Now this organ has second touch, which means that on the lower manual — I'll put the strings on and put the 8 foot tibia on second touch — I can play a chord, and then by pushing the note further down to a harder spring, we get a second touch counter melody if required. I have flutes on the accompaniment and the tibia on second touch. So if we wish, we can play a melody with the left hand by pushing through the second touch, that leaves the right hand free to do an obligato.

--

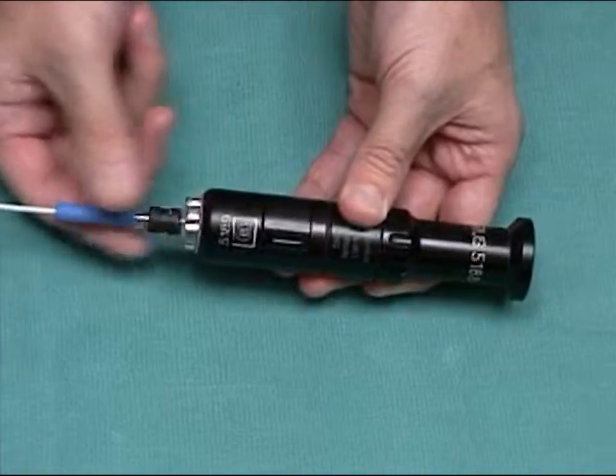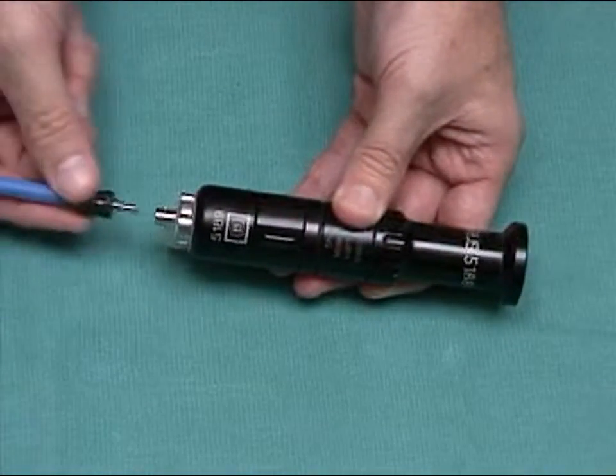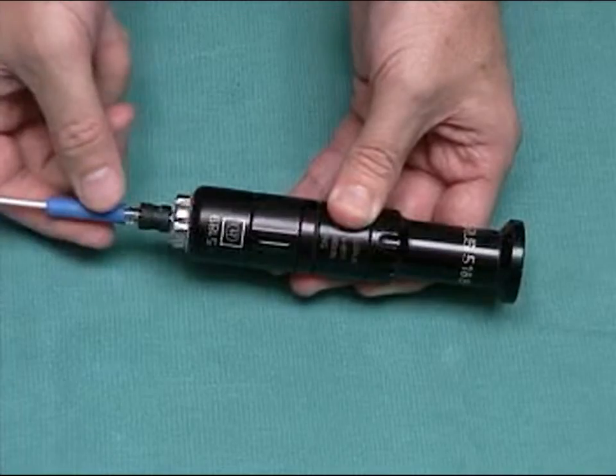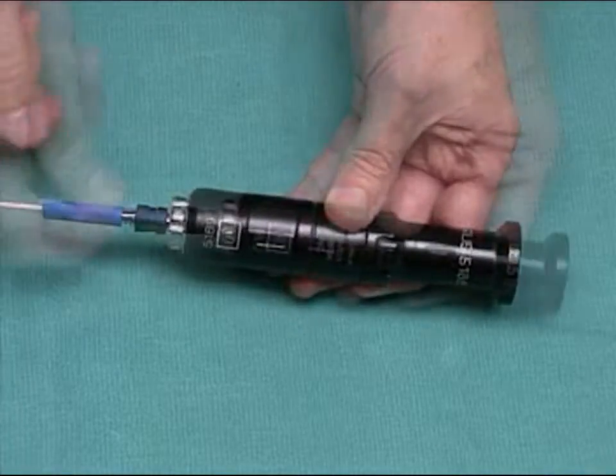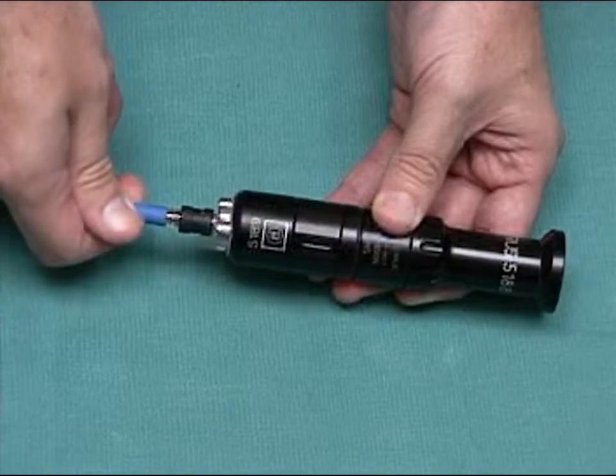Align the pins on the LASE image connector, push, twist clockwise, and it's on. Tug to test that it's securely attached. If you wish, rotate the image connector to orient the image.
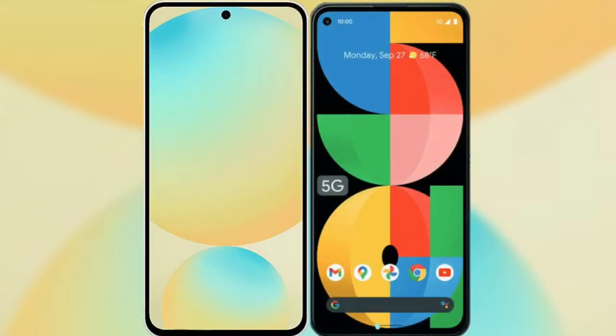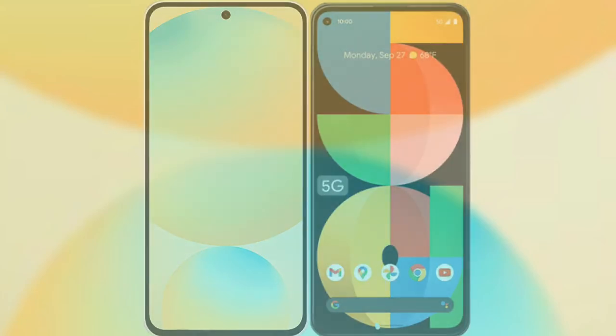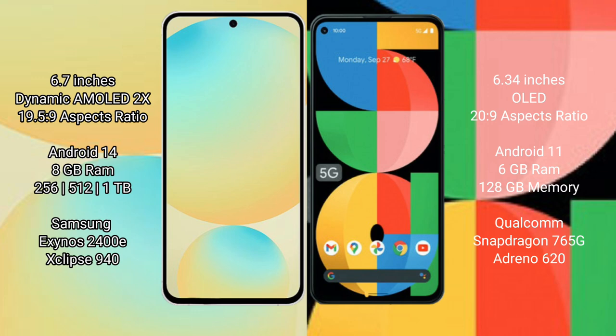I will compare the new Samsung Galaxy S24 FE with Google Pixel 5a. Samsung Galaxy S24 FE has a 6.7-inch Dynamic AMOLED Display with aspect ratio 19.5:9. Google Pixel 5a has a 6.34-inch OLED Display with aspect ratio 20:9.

...

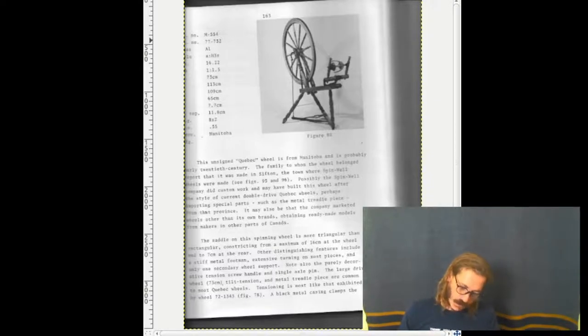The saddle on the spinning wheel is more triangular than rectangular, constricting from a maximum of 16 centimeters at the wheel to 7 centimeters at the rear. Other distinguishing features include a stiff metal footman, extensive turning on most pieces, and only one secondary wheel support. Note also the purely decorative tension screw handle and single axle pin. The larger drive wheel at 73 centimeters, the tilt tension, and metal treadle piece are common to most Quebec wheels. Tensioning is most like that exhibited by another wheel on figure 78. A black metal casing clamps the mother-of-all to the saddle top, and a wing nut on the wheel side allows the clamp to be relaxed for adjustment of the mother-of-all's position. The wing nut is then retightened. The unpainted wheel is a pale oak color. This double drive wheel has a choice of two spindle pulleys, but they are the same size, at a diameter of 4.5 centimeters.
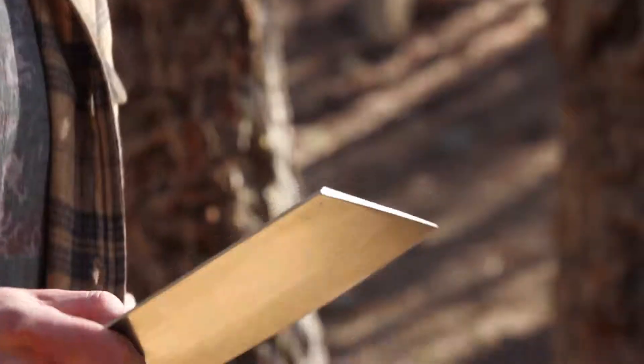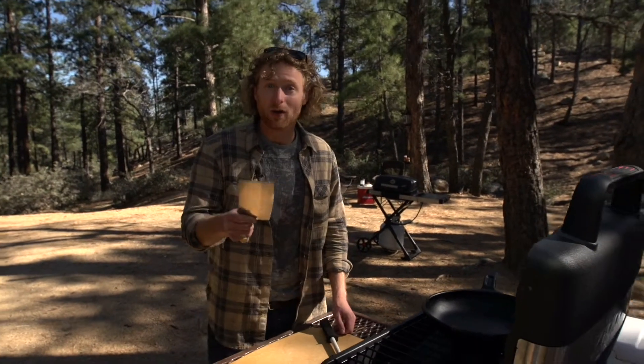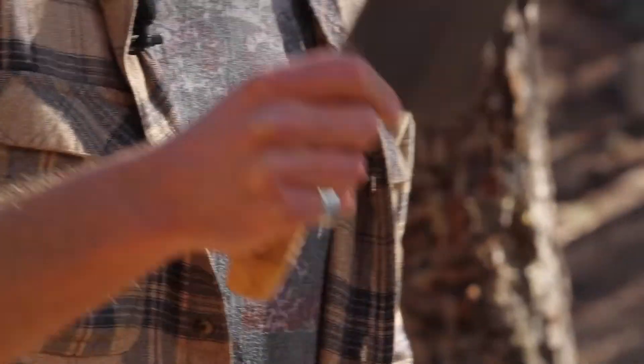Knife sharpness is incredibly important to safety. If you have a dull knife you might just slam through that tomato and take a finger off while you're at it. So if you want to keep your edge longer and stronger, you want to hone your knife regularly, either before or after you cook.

*WORK TASK:* Your reply is to be an exact repeat of the listing above from the line holding "Align the pins" down to the line holding "I will compare", ends included, pictures excluded.

*ANSWER SECTION:*
Align the pins on the LASE image connector, push, twist clockwise, and it's on. Tug to test that it's securely attached. If you wish, rotate the image connector to orient the image.
I will compare the new Samsung Galaxy S24 FE with Google Pixel 5a. Samsung Galaxy S24 FE has a 6.7-inch Dynamic AMOLED Display with aspect ratio 19.5:9. Google Pixel 5a has a 6.34-inch OLED Display with aspect ratio 20:9.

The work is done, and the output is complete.